Through The Lens: Tara McRae

Through The Lens: Tara McRae

In this interview, Rankin sits down with Tara McRae, the Chief Marketing and Digital Officer at Clarks, to discuss inspiring creativity, managing a brand’s global esteem, and the importance of being the best client you can be. 

This interview has been edited for length and clarity.


Rankin: Tara, great to have you. Let’s kick off. Where did it all start for you? What were you doing when you decided to go into marketing?

 Tara: It all started at university. I took some amazing classes on branding, marketing, communications, and PR, and just really fell in love with it. Then I got really interested in marketing and my first gig out of college was out in Los Angeles at an agency. So, I was on the agency side at the beginning of my career.


Rankin: And what made you move to the brand side?

Tara: I fell in love with brands, and I was lucky enough to be able to work for one of my favourites, Bose. An opportunity came up early in my career and I jumped at it. I grew up loving those products, aspiring to own these products. I was a big, big music fan. So I jumped at it.

 

Rankin: You seem to stay at brands for quite a while. The best people do seem to stay places…
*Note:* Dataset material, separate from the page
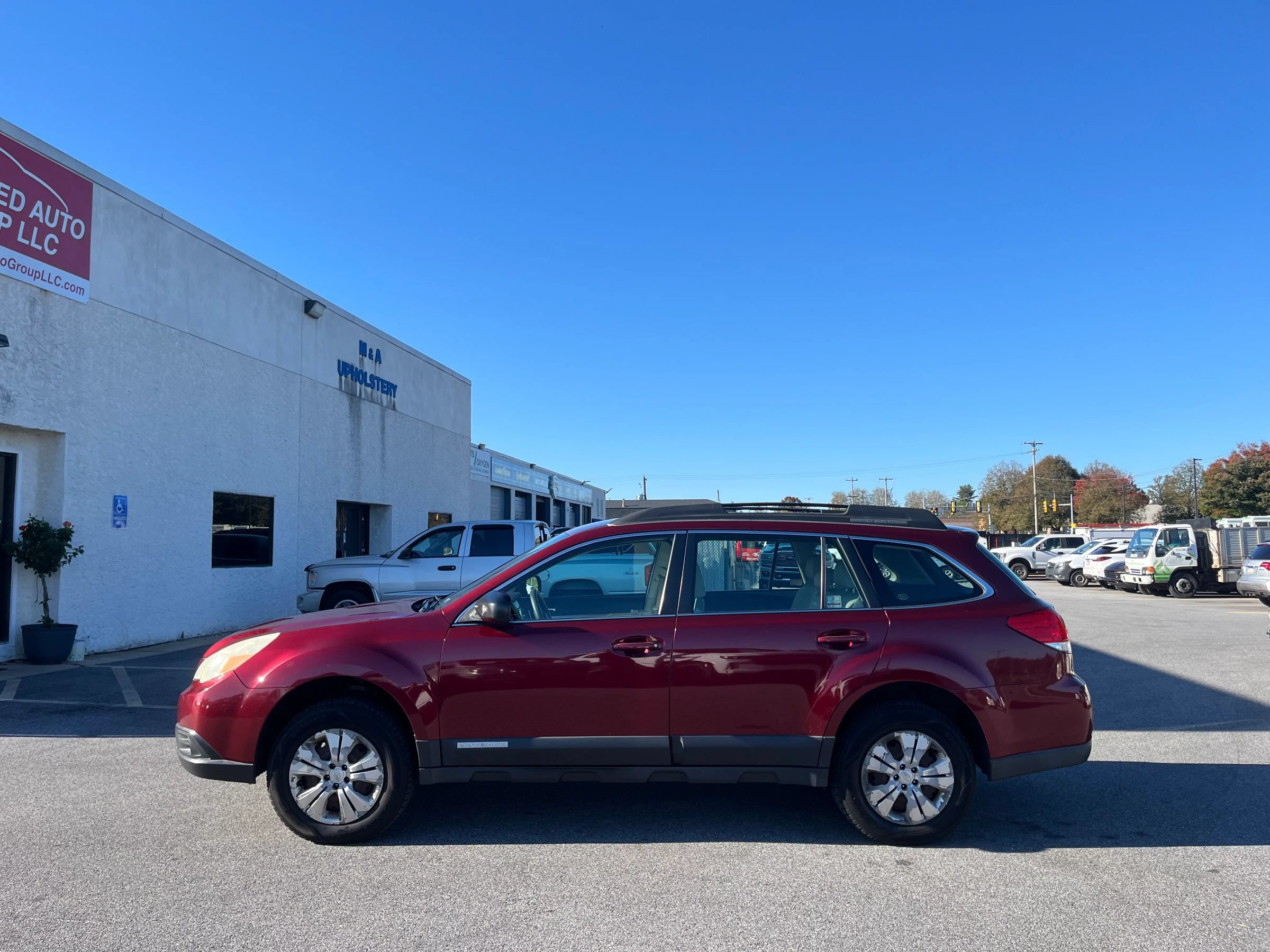 Used 2011 Subaru Outback 2.5i AWD/4WD image 2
Tara: I believe in staying in a brand for quite some time to see a full cycle because I really don't think you can get under the skin of a brand and really go through the cycle. And without spending some time there on brands, especially like a brand that I work for right now, you have years of rich history, you go through a lot of cycles. So, for me, having been at the brand for a handful of years, I've seen it go through the cycle and evolve. I'm not a big fan of jumping around from brand to brand.

 

Rankin: It's not just loving the brand is it. It's believing in it. It seems to be that you believe in the philosophy, and you believe in the quality of it. Is that important to you?
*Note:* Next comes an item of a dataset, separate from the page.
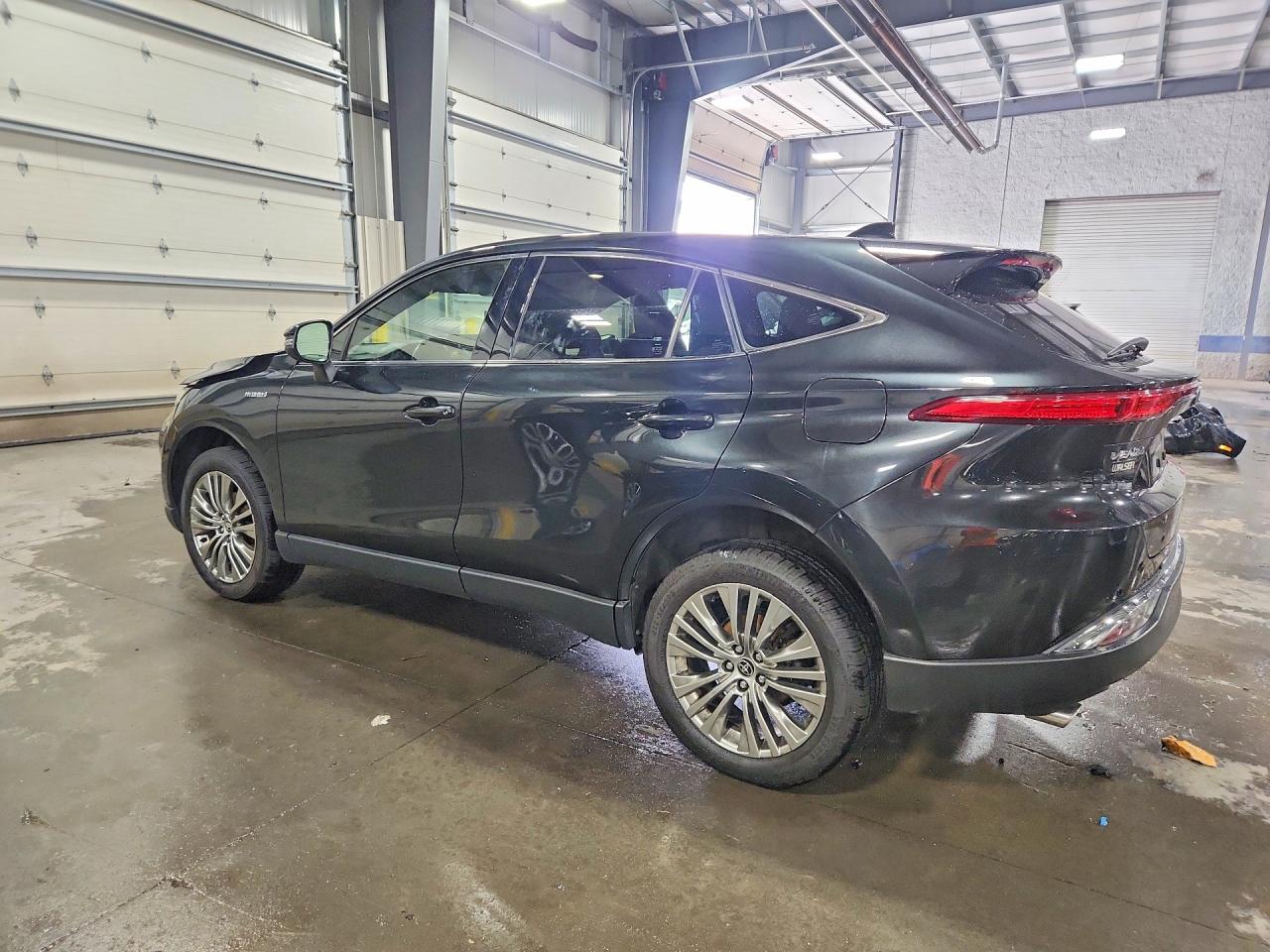 JTEAAAAH5MJ073193 · 2021 TOYOTA VENZA · 2/12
Tara: For me to work for a brand, I have to believe in it. I really have to buy into it. And again, I've been lucky enough if I think back to my days at Bose, when Amar Bose was still alive and still running the company, when he founded Bose he was a massive music fan. He loved live music and he would go home and not be able to replicate the sound that he heard in live music and that emotion. He worked endlessly to build music systems that could replicate live music. Everybody knows the story of the Dassler brothers. They used to be one shoe company, and then they broke up and Puma and Adidas formed as separate shoe companies. To me, that's just such a unique story; the competitive nature that it started so many years ago.

 

Rankin: And while Clarks were around before sneakers, it’s innovative technology that you’re putting into the work…

Tara: I think Clarks has been an inventor of many different ways to make shoes and they're responsible for so many innovations in shoe making that we haven't talked about historically at all. I think now those are opportunities. I think the consumers are interested in really authentic brands. In my opinion, there isn’t a more authentic brand in footwear than Clarks.

 

Rankin: When you’re hiring people, are you looking for the same sort of passion that you have for it? Is that your way of keeping the quality up within the team?

Tara: We look for partners that we can get along with, obviously. But often what we find is there's a lot of people that have personal relationships with Clarks, whether it's school shoes growing up, whether it's their love of hip hop and following the Wallabee culture. That is very important to us because we found that with our agency partners we hire into the brand they’re people that have had an authentic or intimate relationship with the brand and they can think back to their passion for the brand. It really does make a difference.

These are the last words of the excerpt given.